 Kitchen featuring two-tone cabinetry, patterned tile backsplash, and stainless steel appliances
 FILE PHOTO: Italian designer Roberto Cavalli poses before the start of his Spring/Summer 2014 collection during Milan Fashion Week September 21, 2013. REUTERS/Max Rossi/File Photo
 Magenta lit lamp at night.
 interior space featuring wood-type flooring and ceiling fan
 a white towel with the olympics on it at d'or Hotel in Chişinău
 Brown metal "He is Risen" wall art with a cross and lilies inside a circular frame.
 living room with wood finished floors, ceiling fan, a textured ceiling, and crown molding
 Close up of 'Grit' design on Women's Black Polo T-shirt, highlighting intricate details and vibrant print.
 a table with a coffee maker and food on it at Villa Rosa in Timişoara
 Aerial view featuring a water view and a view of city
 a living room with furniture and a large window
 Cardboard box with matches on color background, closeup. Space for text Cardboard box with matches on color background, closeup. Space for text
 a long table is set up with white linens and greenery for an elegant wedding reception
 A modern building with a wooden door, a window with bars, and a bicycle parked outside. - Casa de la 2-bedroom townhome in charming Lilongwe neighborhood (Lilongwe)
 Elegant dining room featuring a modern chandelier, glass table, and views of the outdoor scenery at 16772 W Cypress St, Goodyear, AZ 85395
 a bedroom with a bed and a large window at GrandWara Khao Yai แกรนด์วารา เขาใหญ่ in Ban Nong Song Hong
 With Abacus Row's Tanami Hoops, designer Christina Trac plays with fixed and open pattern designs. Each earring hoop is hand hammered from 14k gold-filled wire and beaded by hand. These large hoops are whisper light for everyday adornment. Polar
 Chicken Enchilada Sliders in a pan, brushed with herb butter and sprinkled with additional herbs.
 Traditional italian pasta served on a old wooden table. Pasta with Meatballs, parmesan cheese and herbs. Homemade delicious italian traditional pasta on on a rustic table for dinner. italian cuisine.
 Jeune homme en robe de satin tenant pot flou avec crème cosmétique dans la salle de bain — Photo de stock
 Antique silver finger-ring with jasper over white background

# ASSIGNMENT
The required answer is the exact run of lines above starting at the line with "a circular frame." and ending at the line with "a bedroom with", with both ends present.

# ANSWER FOR THE TASK
 Brown metal "He is Risen" wall art with a cross and lilies inside a circular frame.
 living room with wood finished floors, ceiling fan, a textured ceiling, and crown molding
 Close up of 'Grit' design on Women's Black Polo T-shirt, highlighting intricate details and vibrant print.
 a table with a coffee maker and food on it at Villa Rosa in Timişoara
 Aerial view featuring a water view and a view of city
 a living room with furniture and a large window
 Cardboard box with matches on color background, closeup. Space for text Cardboard box with matches on color background, closeup. Space for text
 a long table is set up with white linens and greenery for an elegant wedding reception
 A modern building with a wooden door, a window with bars, and a bicycle parked outside. - Casa de la 2-bedroom townhome in charming Lilongwe neighborhood (Lilongwe)
 Elegant dining room featuring a modern chandelier, glass table, and views of the outdoor scenery at 16772 W Cypress St, Goodyear, AZ 85395
 a bedroom with a bed and a large window at GrandWara Khao Yai แกรนด์วารา เขาใหญ่ in Ban Nong Song Hong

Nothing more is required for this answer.